A faithful copy of each record is required, minus the images.

─── Record extracts

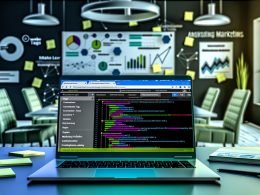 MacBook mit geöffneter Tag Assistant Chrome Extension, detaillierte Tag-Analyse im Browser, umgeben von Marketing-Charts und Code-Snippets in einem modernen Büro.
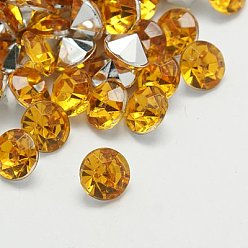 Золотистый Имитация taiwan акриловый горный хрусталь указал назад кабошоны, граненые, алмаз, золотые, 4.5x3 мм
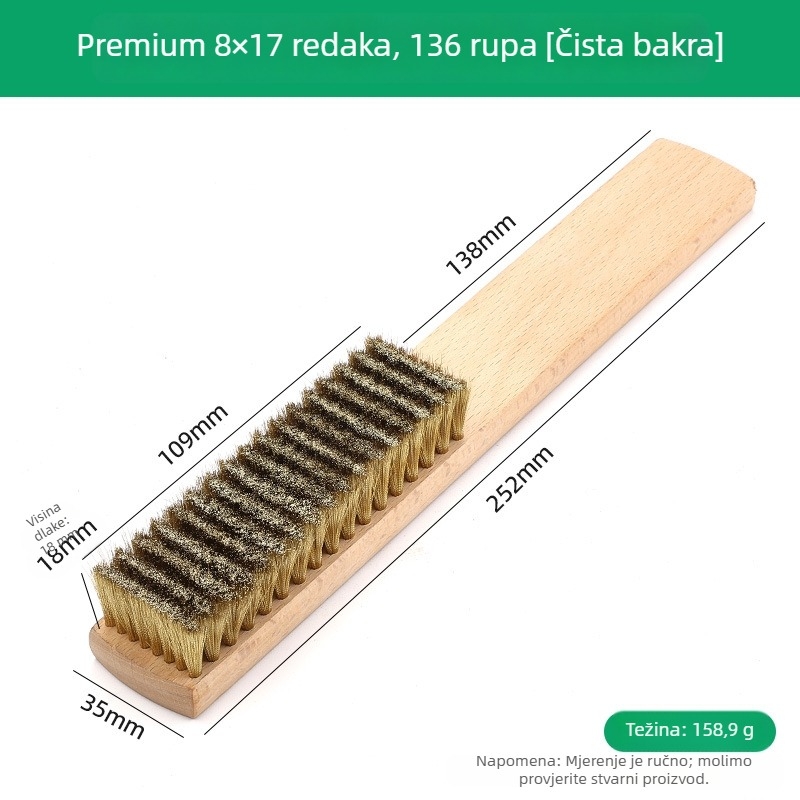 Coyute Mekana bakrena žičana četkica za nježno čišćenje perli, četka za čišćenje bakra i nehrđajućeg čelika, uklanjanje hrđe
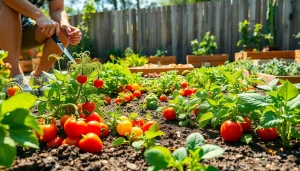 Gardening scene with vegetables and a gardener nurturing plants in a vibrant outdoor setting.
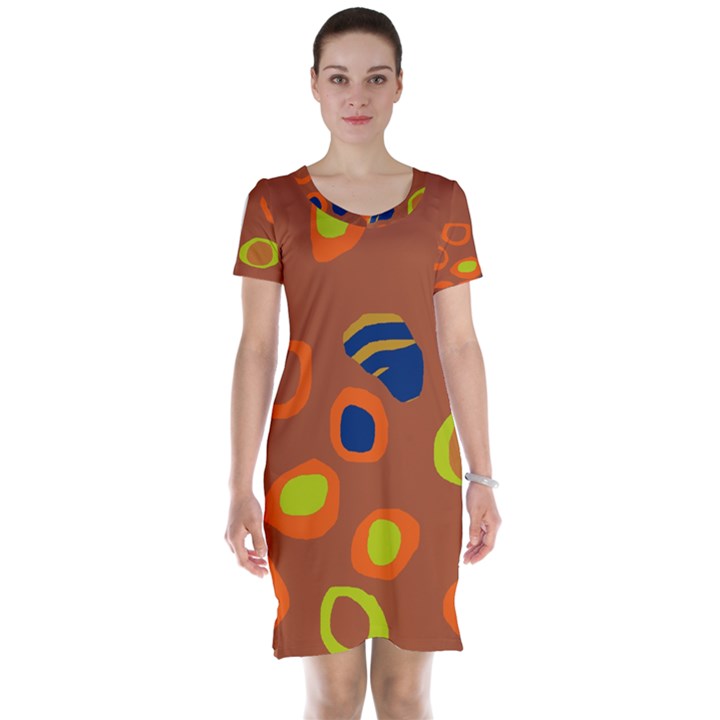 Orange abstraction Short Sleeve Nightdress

──────

▸ **Solution to the problem**:
 MacBook mit geöffneter Tag Assistant Chrome Extension, detaillierte Tag-Analyse im Browser, umgeben von Marketing-Charts und Code-Snippets in einem modernen Büro.
 Золотистый Имитация taiwan акриловый горный хрусталь указал назад кабошоны, граненые, алмаз, золотые, 4.5x3 мм
 Coyute Mekana bakrena žičana četkica za nježno čišćenje perli, četka za čišćenje bakra i nehrđajućeg čelika, uklanjanje hrđe
 Gardening scene with vegetables and a gardener nurturing plants in a vibrant outdoor setting.
 Orange abstraction Short Sleeve Nightdress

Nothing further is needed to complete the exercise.